Football Management

Commentary on the management of over 160 English football clubs by Dr John Beech, winner of the FSF Writer of the Year Award 2009/10 Twitter: @JohnBeech Curator of Scoop.it! Football Finance

Manchester City following in Pompey’s footsteps

Posted by John Beech on October 2, 2010

Manchester City’s financial results, published earlier this week (1), were generally reported uncritically earlier this week, notwithstanding the key loss of £121m, with the exception at least of The Sun (2), where there was some attempt to look beyond the positive headlining provided by the club.

According to the club, the financial highlights could be summarised in large font size thus:

We have reported revenues in excess of £100m with a 44% rise in turnover to £125.1m…
Corporate partnership revenue increasing by £25.9m to £32.4m…
Ticket revenues increasing by £2.8m (18.6%) to £18.2m…
Season ticket revenues up by £0.9m to £9.6m…
Television rights fee income increasing by £5.7m (11.8%) to £54m…
Matchday hospitality revenue growing by 0.7m (13%) to £6.1m…
Retail sales and merchandising revenue increasing by £2.9m (60%) to £7.9m

Excellent news indeed, but then we find in much smaller font size that the club is report ing a net loss (and there was me beginning to think they had forgotten about costs) of £121.3m. Apparently “there have been significant increases in both player and non-player wage costs which have only been partially offset by substantial growth in the club’s commercial and other revenues

Or to put it another way, the club itself can’t afford the players but its benefactor can.  Search the report for the word ‘debts’ and you will be out of luck however.  Sheikh Mansour is following the Abramovich route and converting debts to equity, and on a scale that invites comparison with Chelsea:

The financial foundations upon which the Club operates have been strengthened with the conversion into equity of £304.9m in shareholder loans.  A further £135.8m of new equity was issued during the financial year and post year-end a further £53.2m of new equity was issued. As we continue to invest in all areas of the Club, we do so virtually debt free – with only £36m of long term commercial bank debt following the conversion of shareholder loans into equity during the year.
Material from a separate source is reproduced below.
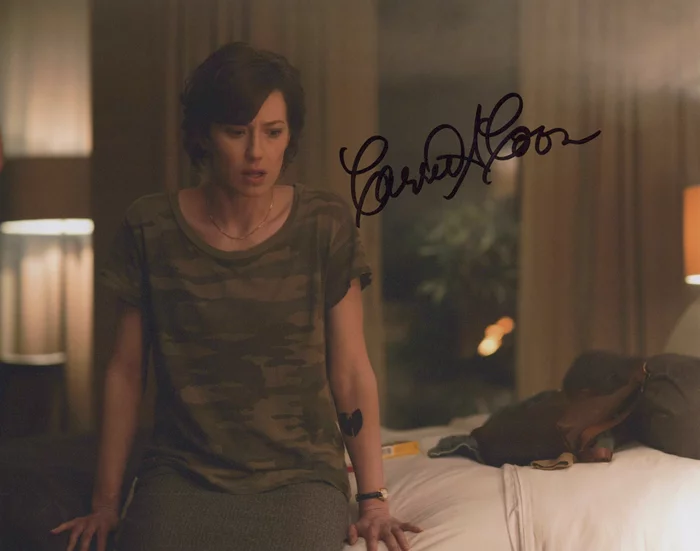 Carrie Coon autograph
So, there you have it – well over £400m injected with a loss of £100m.  Not quite so encouraging then.

In the smaller print financial data towards the back of the report we find that the aggregate payroll costs have risen from £82.6m to a rather worrying £133.3m – or, as the club like to present data, a rise of 61%.  Turnover had risen from £87m to £125m, meaning that the wages/revenues ratio had risen from 94.9% to 106.6%.

Which is where the reference to Portsmouth comes in.  Deloitte point out that for the Premier League clubs en masse the wages /revenues ratio has risen to a worrying 67% (3), but this rather hides the variance individual clubs have.  Here are the ratios over five seasons:

04/05 05/06 06/07 07/08 08/09

5 seasons’
Average

Ratio for
whole
5 seasons

Manchester Utd. 48.3 50.9 43.5 47.1 44.2 46.8 46.4
Tottenham 47.0 54.8 42.5 46.7 55.4 49.3 49.2
Arsenal 57.4 62.4 50.5 48.4 46.4 53.0 51.7
Liverpool 52.5 56.6 57.9 55.1 58.0 56.0 56.2
Bolton 47.9 52.1 60.2 66.1 68.9 59.0 59.4
Everton 51.4 63.6 74.7 58.8 61.6 62.0 61.5
Middlesbrough 55.7 n/a 79.6 72.5 58.7 66.6 66.0
Sunderland 64.0 44.1 90.1 58.3 76.7 66.6 65.6
West Bromwich 57.4 57.3 73.4 79.9 65.4 66.7 65.4
Manchester City 61.9 55.6 63.9 65.9 94.9 68.4 70.3
Newcastle Utd. 57.7 62.8 65.1 78.6 85.2 69.9 70.2
West Ham Utd. 63.7 51.9 75.8 79.7 91.1 72.4 74.7
Aston Villa 64.2 78.1 81.9 66.7 83.7 74.9 75.2
Chelsea 73.1 74.6 69.7 80.6 80.1 75.6 76.0
Hull City 57.3 61.7 76.7 129.0 65.8 78.1 74.0
Fulham 85.8 80.4 88.6 73.3 69.0 79.4 77.9
Blackburn 75.8 76.9 84.8 70.3 90.6 79.7 79.5
Stoke City 65.2 88.6 88.1 105.9 55.6 80.7 68.6
Portsmouth 69.5 66.0 89.6 76.4 108.8 82.1 83.9
Wigan Athletic 208.3 58.3 100.3 88.3 89.9 109.0 87.5

[Developed from data in Appendix 7 of Deloitte (2010); annual values of over 100% highlighted]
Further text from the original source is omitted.